There was some kind of massive snowstorm that forced the lads up to New York via train. My favorite recollection was that of a man who said all he remembered was deafening, high pitched screaming. That and the smell of urine. I guess thousands of the teeny bopper fans pissed themselves in excitement.

To me the “coliseum” is a decrepit old building among many old decaying structures on the other side of the train yard where the Amtrak, Maryland light rail and the subway tracks criss cross and then feed in and out of Union Station.  It was tagged by the prolific Cool “Disco” Dan, as well as by more visually talented graffiti artists.

I had no business on 3rd St, NE so I didn’t see it up close until the our offices moved to the development at NOMA–which is a made up developer’s name to make the industrial area of empty lots, bus terminals, armories, and abandoned warehouses that was the real estate surrounding the tracks north of Union Station into a destination for high-rise offices, apartments, coffee and pet stores and restaurants.

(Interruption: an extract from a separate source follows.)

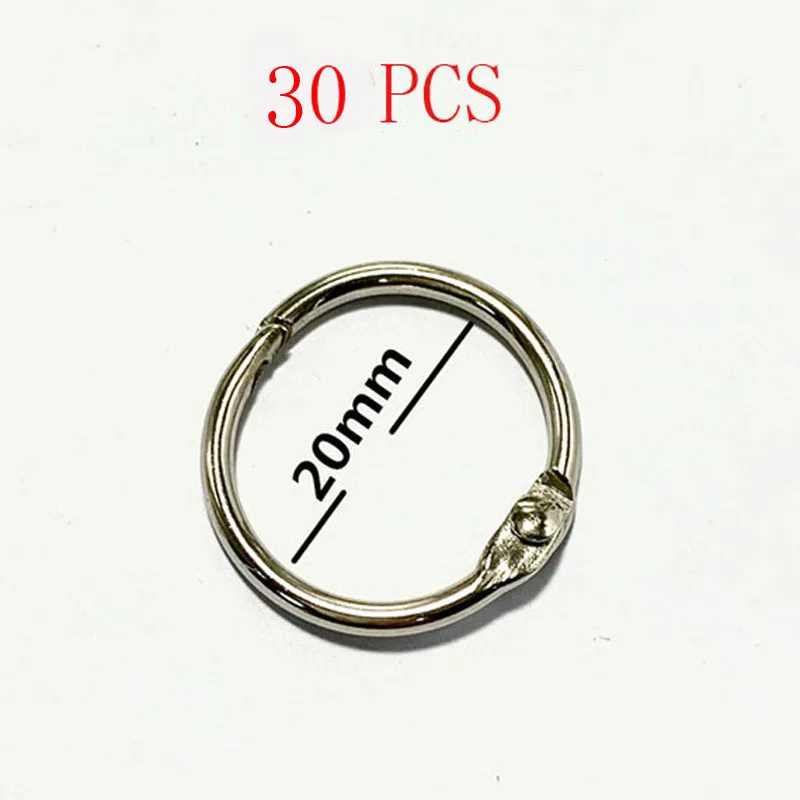 30 шт 20 мм металлическое кольцо для карт с пряжкой канцелярские книжные переплеты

I saw the “coliseum” up close the first time I passed under the bridge, driving along M Street. You could park your car in that rundown cavern for $5. That is an unheard of and remarkable price for DC. I kept driving. The overhead of walking under the bridge from a sketchy lot wasn’t worth $4 to me. Seriously, I paid $9–almost double–to not park there.

Now, that spot, where the Beatles played and the girls peed and the cars parked, is being converted to a very nice outdoors sporting goods joint. And condos, and, I bet, a new fast casual spot that has greens and grains in a bowl with some sauce.

This changes the neighborhood. Not a little. But a lot. And it’s mostly good.

In my neighborhood–two subway stops and a scant three miles away–we’ve had a torrent of new people moving in. I am very happy that people are buying houses and making spaces and creating families. This is what people in my neighborhood have been doing for the past hundred years. Not the same people–since our time on this earth is finite–but people who move in after others have moved out.

So, this moving into houses thing is NOT new. But, somehow, some of the people who move into the houses think it’s new. That, somehow, their being here defines new. And special. Really special.

I would call this attitude gentrification. Know that my neighborhood, that we have lived in ourselves for multiple decades and have been overlapping with other multi-decade residents (some from many decades before our multi-decade gig), was just fine before the newest new people got here.

Don’t get me wrong. We are happy you are here. We welcome you. We welcome you when you move in when you’re still are single. We welcome when you adopt your shelter dog and as you struggle through your training. And we are downright excited when you have babies and are tickled when you stay here when they go to school. And when we watch them go to prom and graduate high school, we know you are one of us.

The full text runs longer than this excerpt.